Troponin-T concentration is higher in neonates than adults; the 99th percentile is 100 pg/ml in infants compared to 10 pg/ml in adults [4, 12–14]. In adults with myocardial infarction, troponin-T starts rising after 1-2 hours, peaks at 24–48 hours and remains elevated for 5–10 days [15]. In perinatal asphyxia, the precise timing of myocardial injury is not known. In our study, 53/63 babies had troponin-T concentration >100 pg/ml (99th percentile) at 2–4 hours of life, translating to a sensitivity of 84% to predict moderate or severe encephalopathy.
Our study shows that troponin-T concentration on day 1 of life has a good predictive value for mortality before discharge, similar to the findings of the previous studies [6, 7]. We also estimated the optimal cut-off value using ROC curve. The best cut-off value of 190 pg/ml had 82% sensitivity and 80% specificity. In a previous study, troponin-I >135 pg/ml had 85% sensitivity and 69% specificity to predict mortality (AUC 0.82) [7]. While troponin-I was found to be predictive of neurodevelopmental outcome at 18–22 months, there is no study correlating troponin-T and neurodevelopmental outcome [10, 16].
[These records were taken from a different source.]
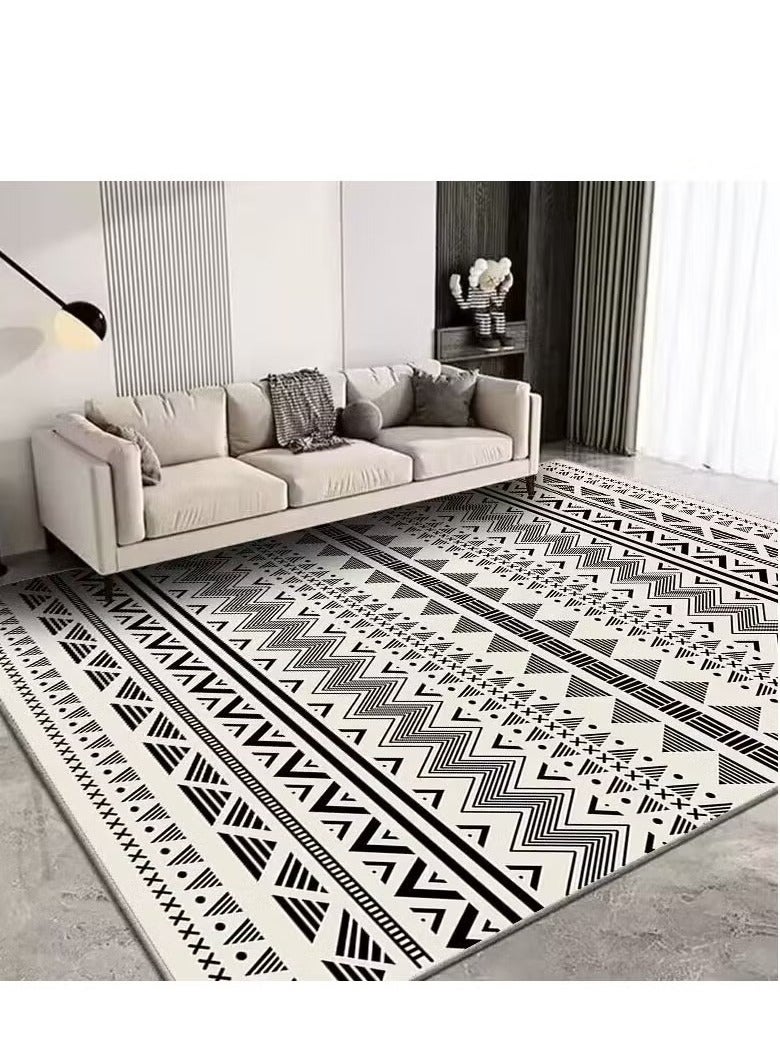 Enjoylifeme Rectangular Soft Touch Carpet Black/Beige 160x230cm - Image 1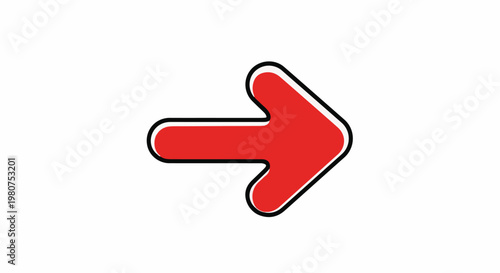 A bold red arrow with a white outline and black border points right
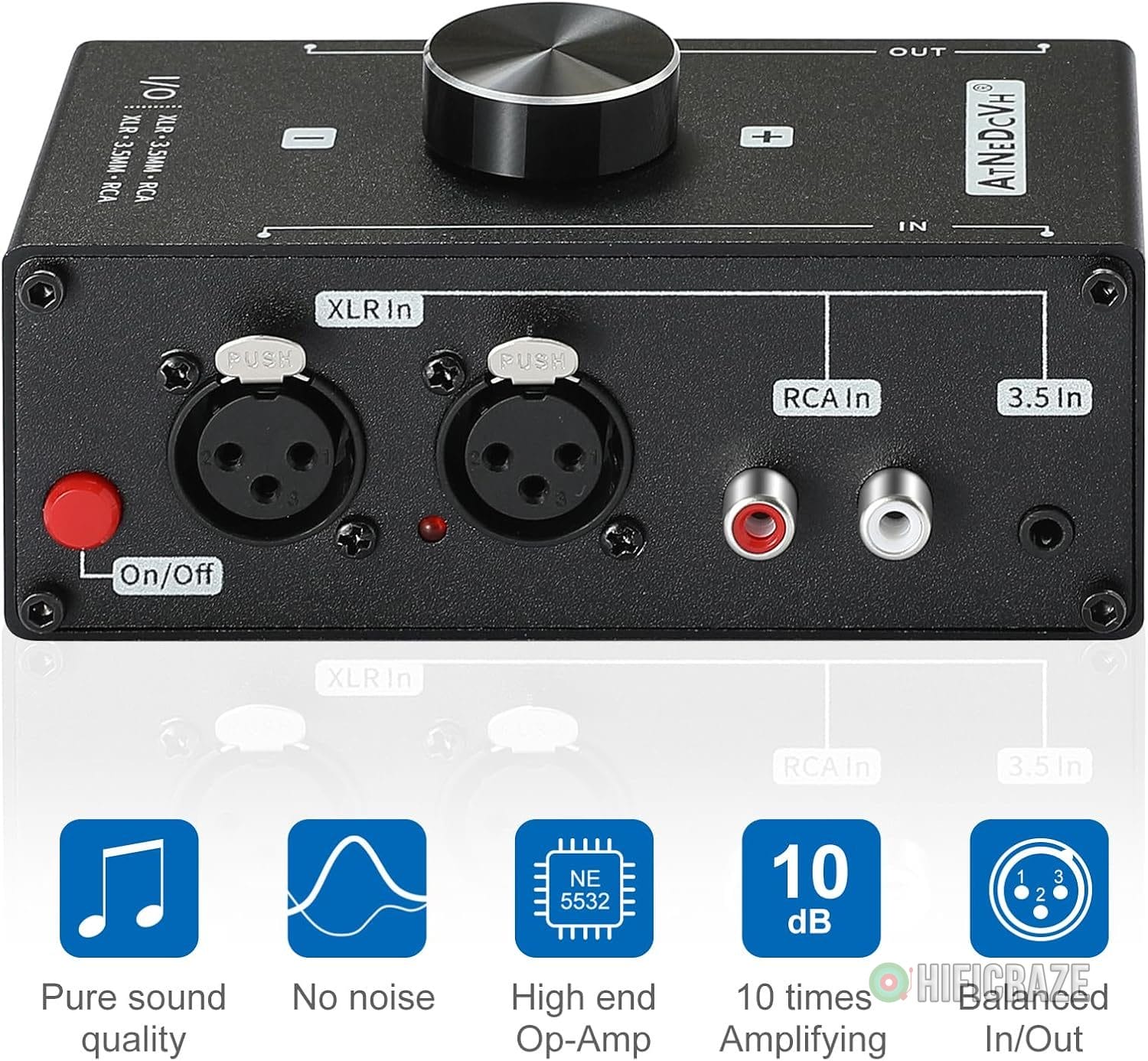 Stereo Audio Preamplifier - XLR Balanced RCA 3.5mm Input to XLR Balanced RCA 3.5mm Output Converter Adapter amp - Headphone Amplifier, Gain 20dB Phono Turntable Phonograph Preamp (Black) 4 Stereo Audio Preamplifier - XLR Balanced RCA 3.5mm Input to XLR Balanced RCA 3.5mm Output Converter Adapter amp - Headphone Amplifier, Gain 20dB Phono Turntable Phonograph Preamp (Black) - Image 4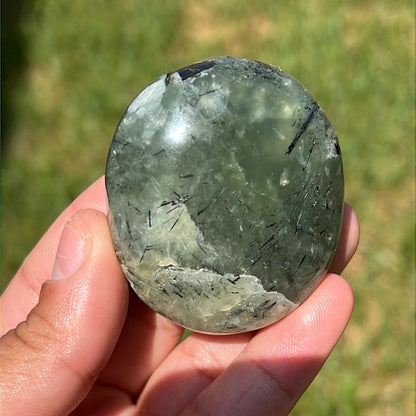 “Green Apple Jelly Dollops” Prehnite and Epidote Palm Stones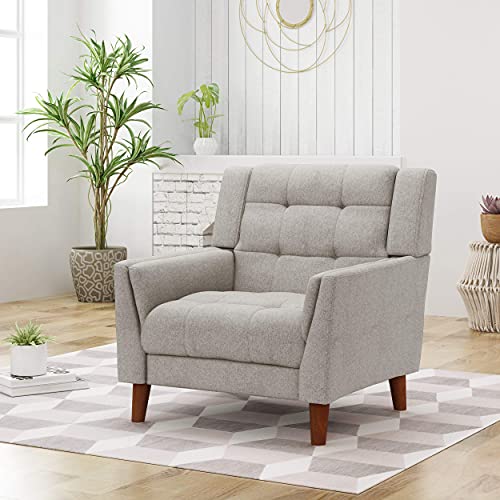 Evelyn Mid Century Modern Fabric Arm Chair, Beige & Walnut (305538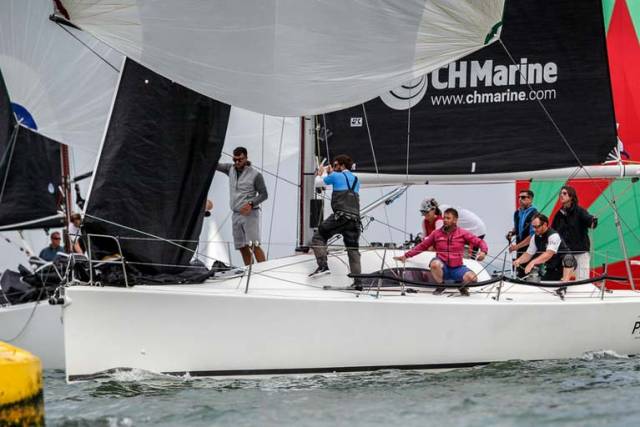 Rob McConnell's A34 Fools Gold from Waterford Harbour Sailing Club is fifth in 12–boat Division three of the IRC European Championships in Cowes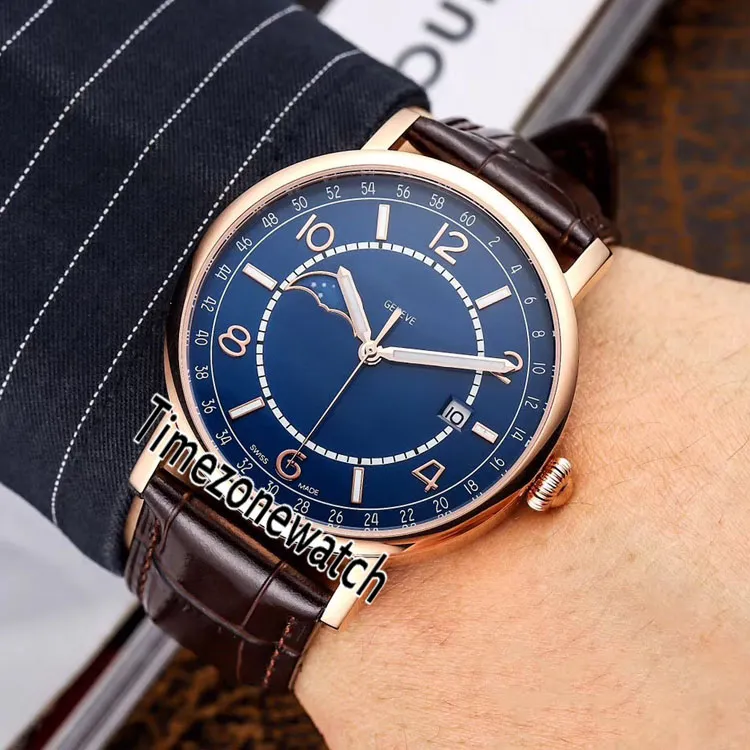 Yeni Patrimony Moon Phase Miyota 8217 Otomatik Erkek İzle Rose Gold Mavi Numarası Çubuk İşaretleyiciler Kahverengi Deri Saatler Timezonewatch E50a1 Dial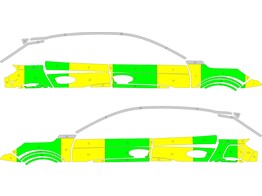 Striping Peugeot 208 Allure 2020 - Half Battenburg Grun / Gelb / Wei   links   rechts 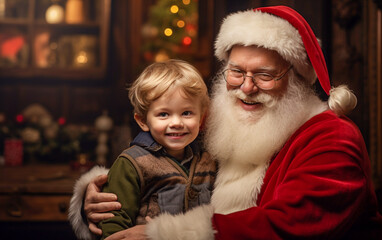 Fototapeta na wymiar A ruddy Santa Claus holds a baby boy in his arms. Smiles, happiness and amazement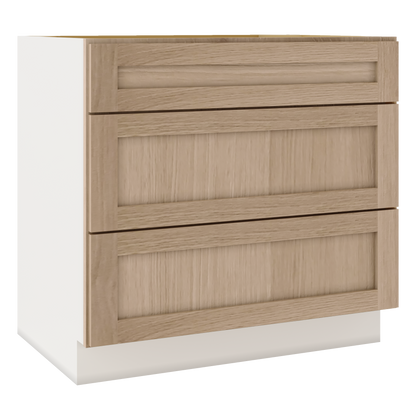 Natural Color 17ROS - Redondo White Oak Shaker 1-1/4" Overlay 3 Drawer Base Cabinet 12", 15", 18", 21", 24", 30", 33" & 36" Wide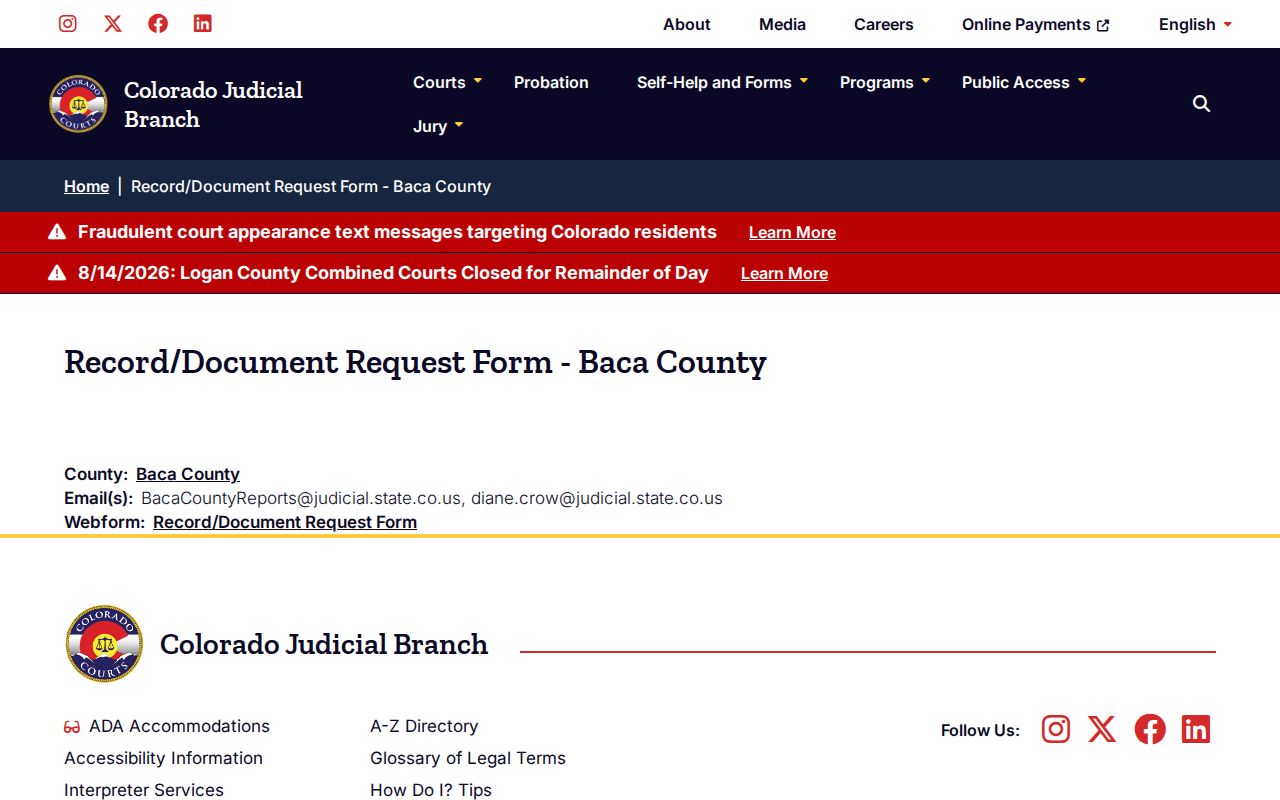 Baca County court record request routing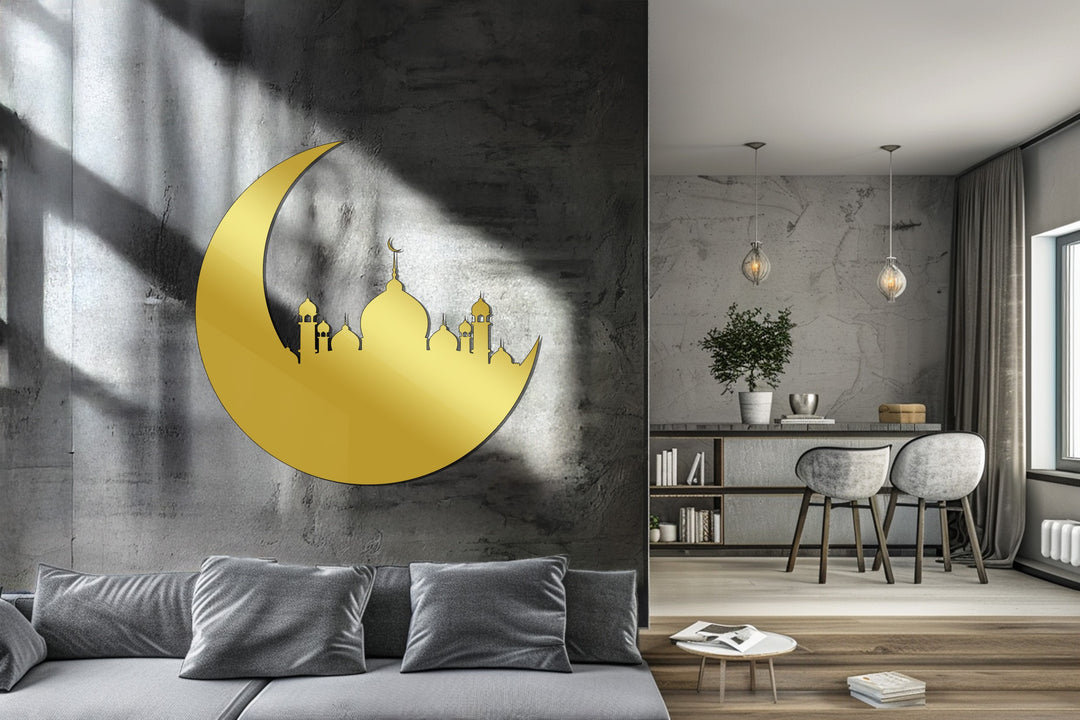 Mondblüte – Mond und Lotusblume Metall Wandbilder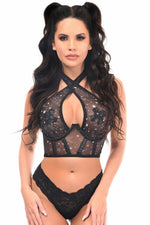 Lavish Celestial Print Mesh Underwire Cincher w/Built In Halter Top-Daisy Corsets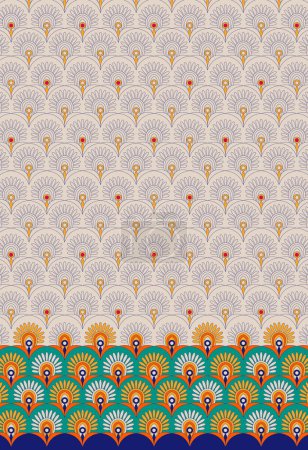 Traditional Border textile design motif with geometrical border seamless and ethnic style decoration for textile branding. Digital Textile Design Border Geometrical And Ethnic Colorful Border Motifs Design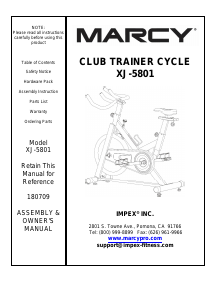 Handleiding Marcy XJ-5801 Hometrainer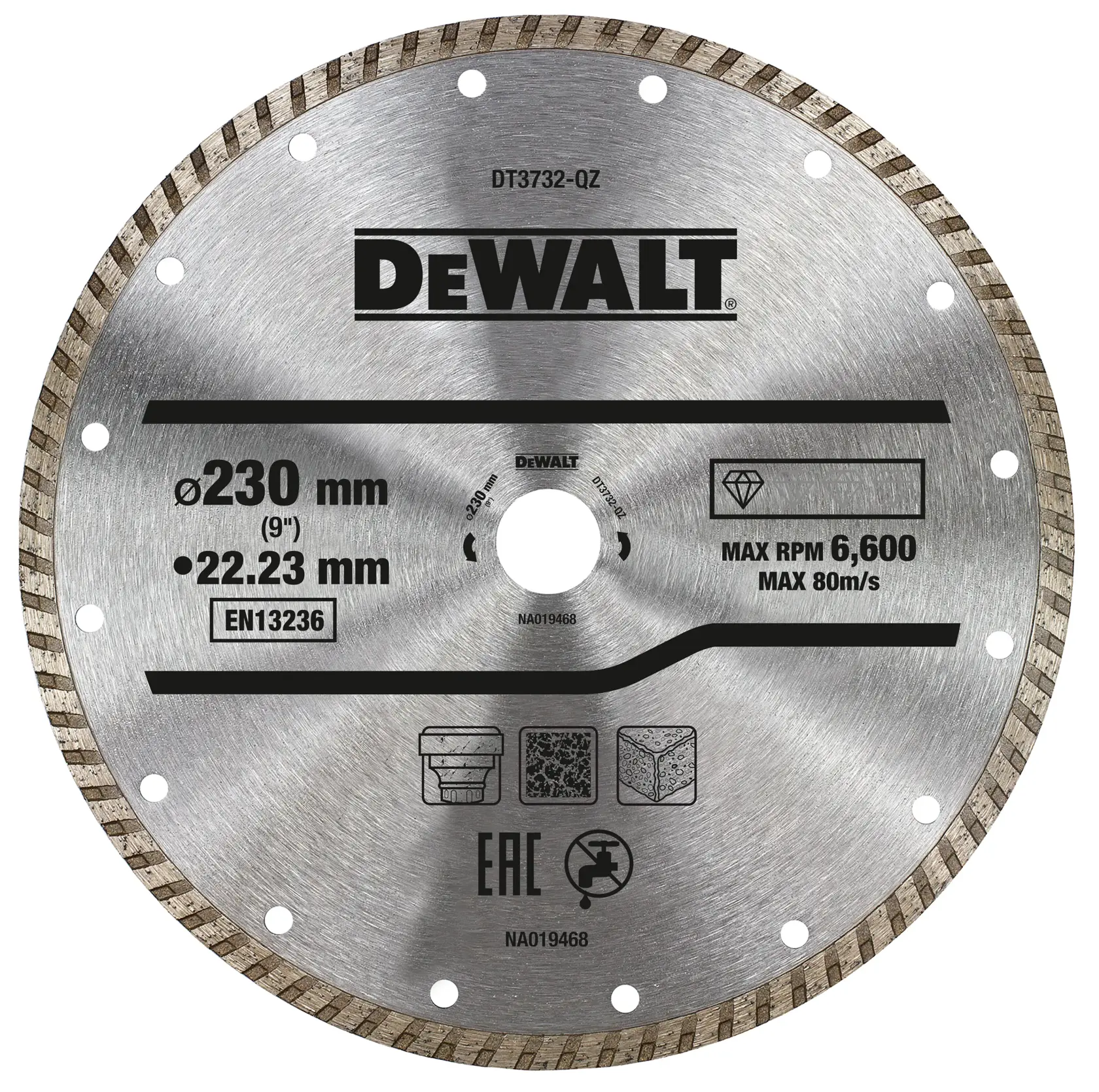 A close-up image of a DEWALT circular saw blade model DT3732. The blade is silver with the DEWALT logo in the center. Specifications printed on the blade include a diameter of 230 mm (9 inches), a bore size of 22.23 mm, maximum RPM of 6,600, and maximum speed of 80 m/s. The blade also features several icons, certification markings, and a serrated edge for cutting.
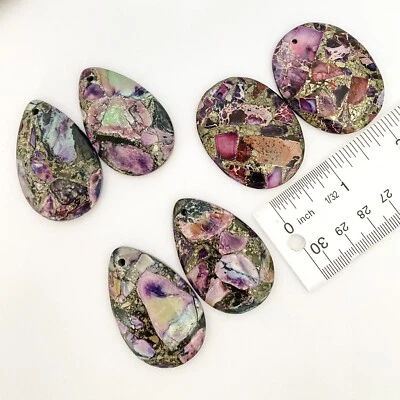 lot of 6pcs Natural Eudialyte Pear/Teardrop and Oval Flat Back Pendants - Изображение 1 из 3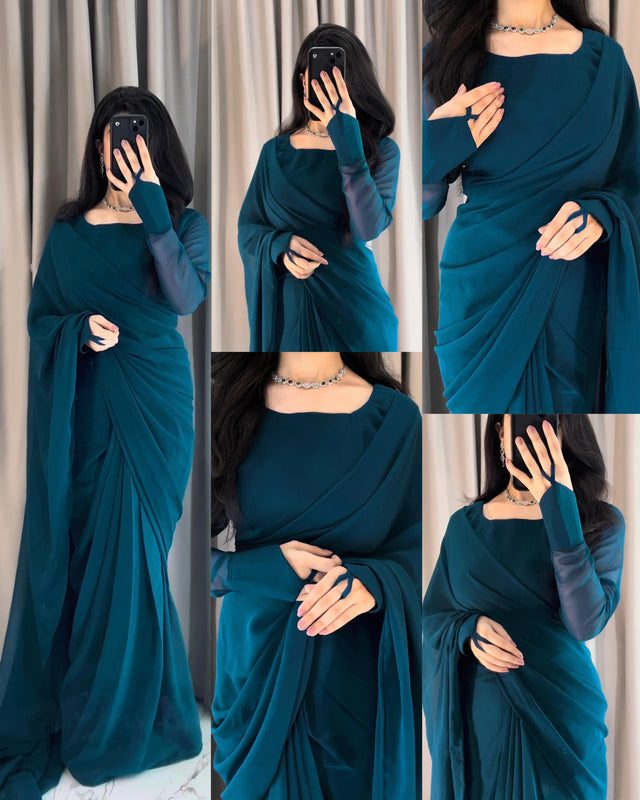 Noor-e-Chiffon Saree Stitched
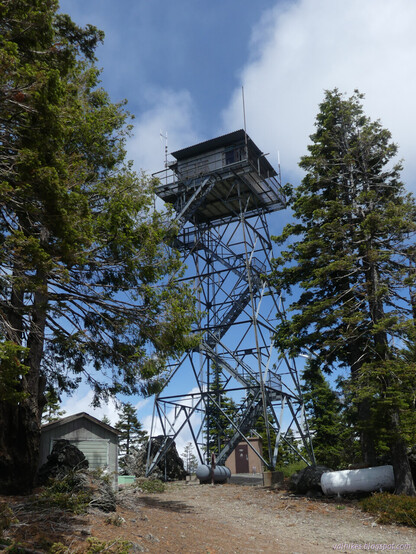 Pickett Peak Lookout. Three storeys of steps lead up through the metal scaffold to the wooden cab at the top. Two trees, a little shorter than it, frame the lookout. Two sheds and two propane tanks are on the ground around its feet.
Though troponin-T is a specific biomarker of myocardial dysfunction, the concentrations had also been shown to correlate with severity of encephalopathy, renal and hepatic injury [4, 5]. The difference in the troponin-T concentration in babies with moderate and severe encephalopathy was not statistically significant in our study, which could be due to the small sample size. In a previous study by Gunes et al., the troponin-T concentrations in severe encephalopathy was significantly higher compared to moderate encephalopathy (340 vs. 120 pg/ml) and the concentrations remained high till day 7 of life [4]. In our study, there was significant correlation between troponin-T concentration and hepatic injury (elevated transaminases). However, there was no significant correlation between troponin-T concentration and acute kidney injury.
There were some limitations in the study. This was a retrospective study and there were no controls. The sample size was small, which would have contributed to the non-significant nature of the differences in the troponin-T concentrations. We did not have adequate follow up data to assess the predictive value of troponin-T concentration for long-term neurodevelopmental outcome.
Conclusion
Troponin-T concentration on day 1 of life had good predictive accuracy for mortality before discharge. There was no significant difference in troponin-T concentrations between cooled and non-cooled neonates. The concentrations were significantly higher in neonates with hypotensive shock. There was no significant correlation between troponin-T and severity of encephalopathy, extent of resuscitation needed and acute kidney injury.
Competing interest/conflict of interest
None
Funding/financial support
This research received no specific grant from any funding agency in the public, commercial or not-for-profit sectors.